### WHAT THE EXERCISE ASKS
Look through the entries below for the line with "History of King Yu.jpg" and the line with "漫画《恶之环》86第36张图", then give again exactly those two lines and all lines between them, minus the pictures.

### RECORDS FOR THE TASK

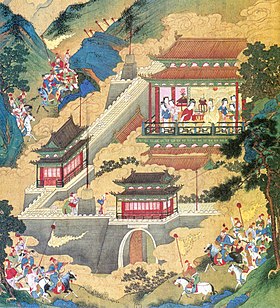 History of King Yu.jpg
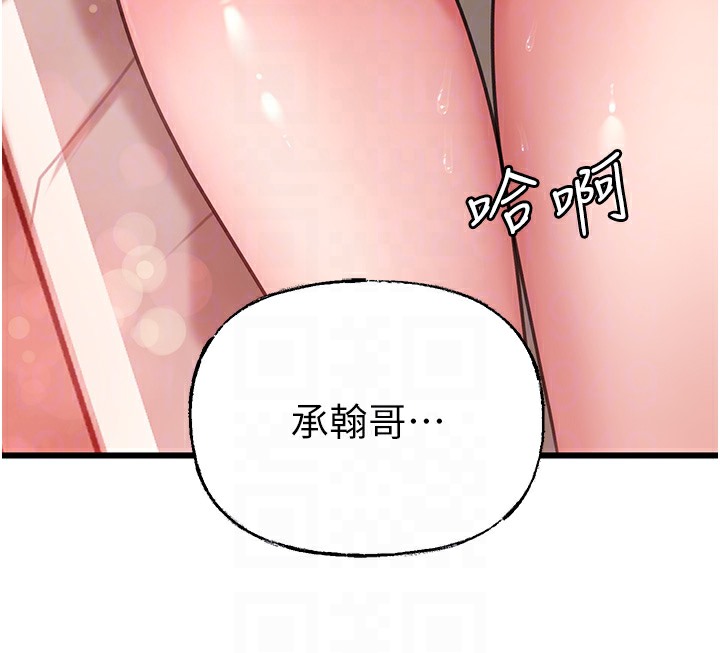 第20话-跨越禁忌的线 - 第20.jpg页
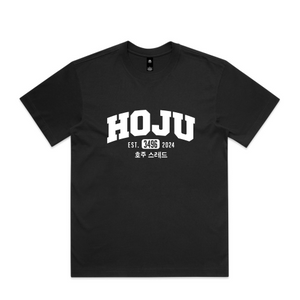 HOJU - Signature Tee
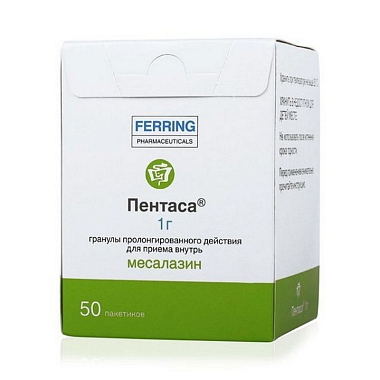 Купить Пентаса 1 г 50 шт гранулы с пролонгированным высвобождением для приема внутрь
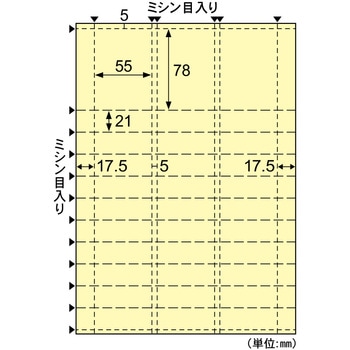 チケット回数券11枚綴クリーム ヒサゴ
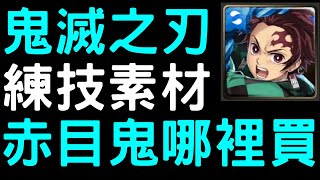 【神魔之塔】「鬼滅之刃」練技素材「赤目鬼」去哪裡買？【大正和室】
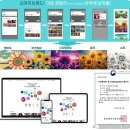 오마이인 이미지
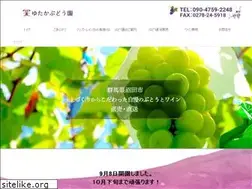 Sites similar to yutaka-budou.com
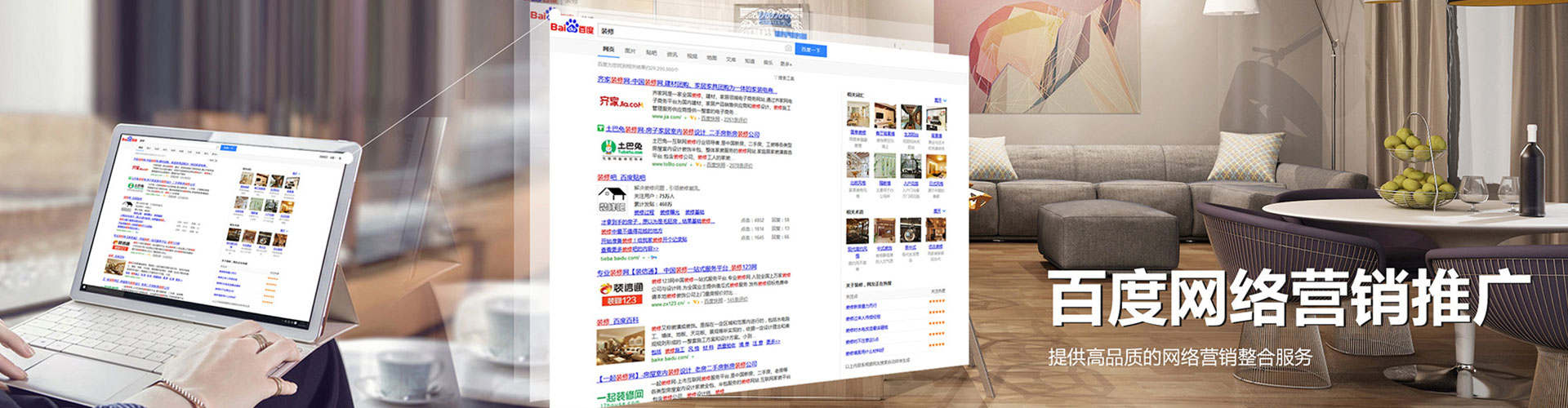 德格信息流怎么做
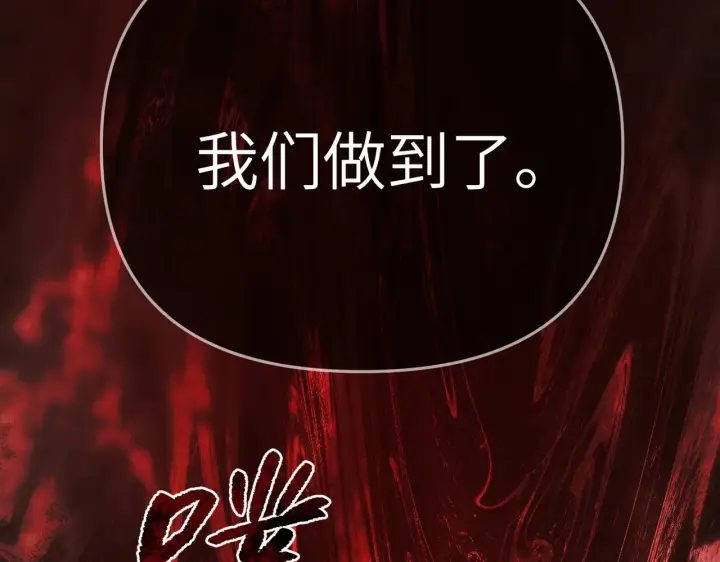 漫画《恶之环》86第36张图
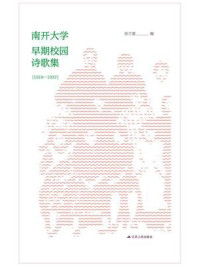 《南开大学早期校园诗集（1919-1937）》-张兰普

---

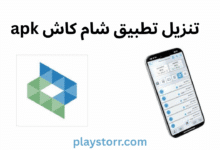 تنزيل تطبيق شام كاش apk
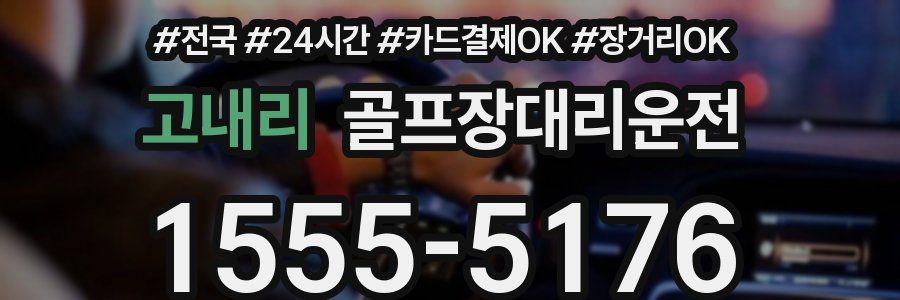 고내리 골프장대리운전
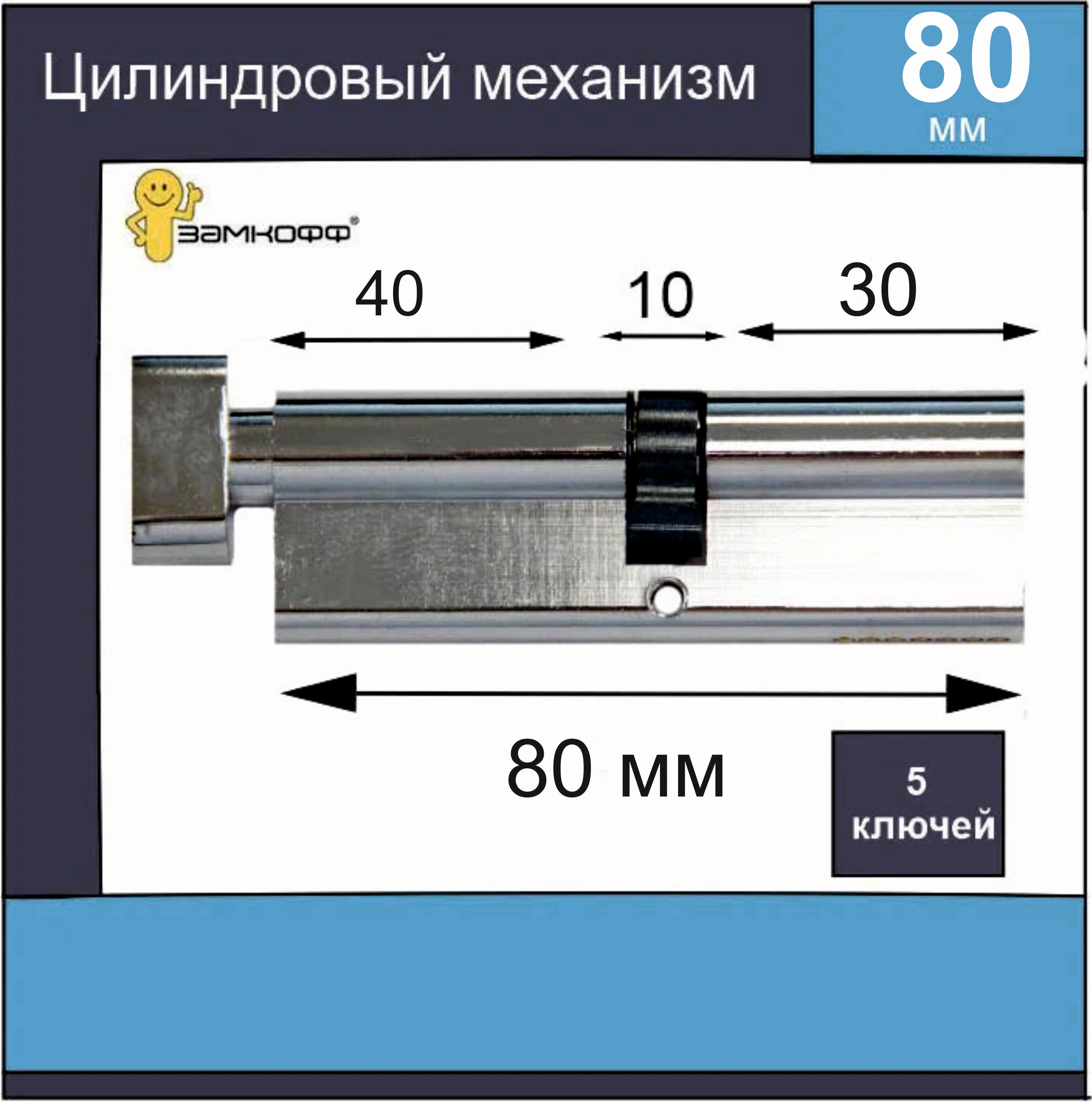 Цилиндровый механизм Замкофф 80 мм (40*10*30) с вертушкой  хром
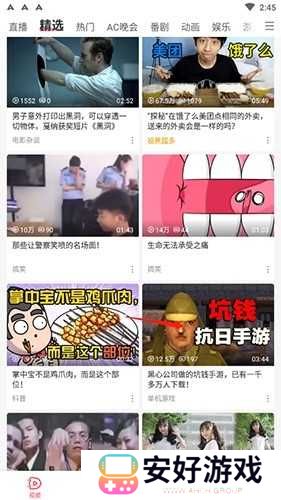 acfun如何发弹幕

---

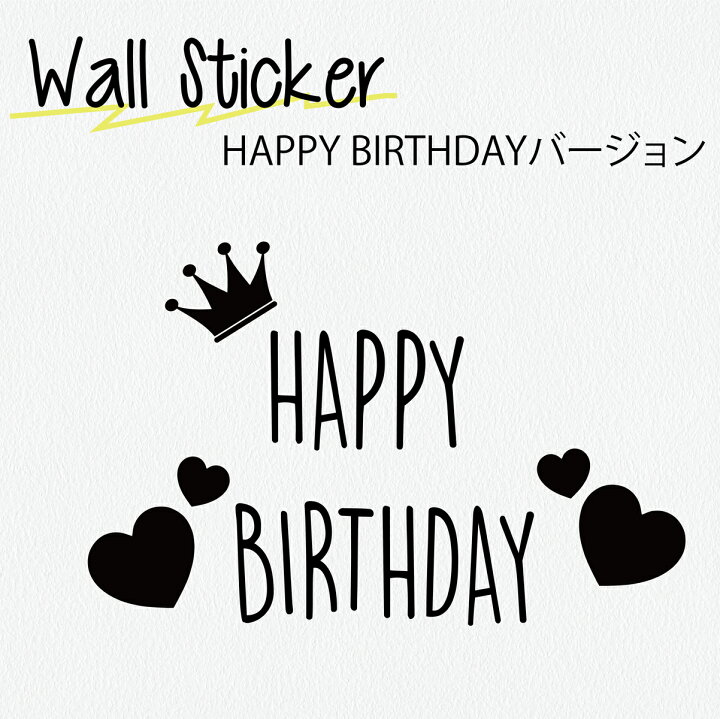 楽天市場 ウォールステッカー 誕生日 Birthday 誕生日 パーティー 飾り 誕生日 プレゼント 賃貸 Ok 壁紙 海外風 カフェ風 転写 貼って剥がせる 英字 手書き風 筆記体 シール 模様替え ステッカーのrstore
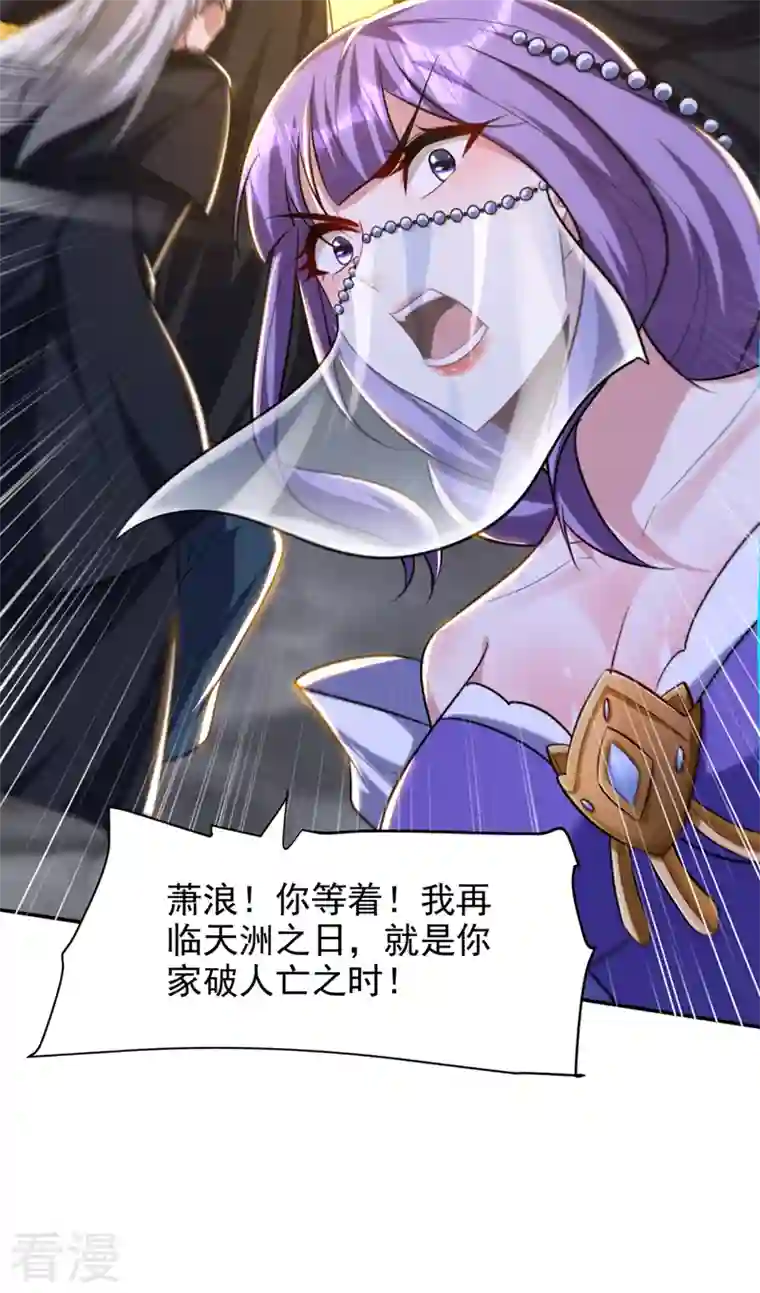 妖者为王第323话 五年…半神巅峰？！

### TASK SOLUTION
 History of King Yu.jpg
 第20话-跨越禁忌的线 - 第20.jpg页
 HOJU - Signature Tee
 Купить Пентаса 1 г 50 шт гранулы с пролонгированным высвобождением для приема внутрь
 チケット回数券11枚綴クリーム ヒサゴ
 【神魔之塔】「鬼滅之刃」練技素材「赤目鬼」去哪裡買？【大正和室】
 오마이인 이미지
 Sites similar to yutaka-budou.com
 德格信息流怎么做
 漫画《恶之环》86第36张图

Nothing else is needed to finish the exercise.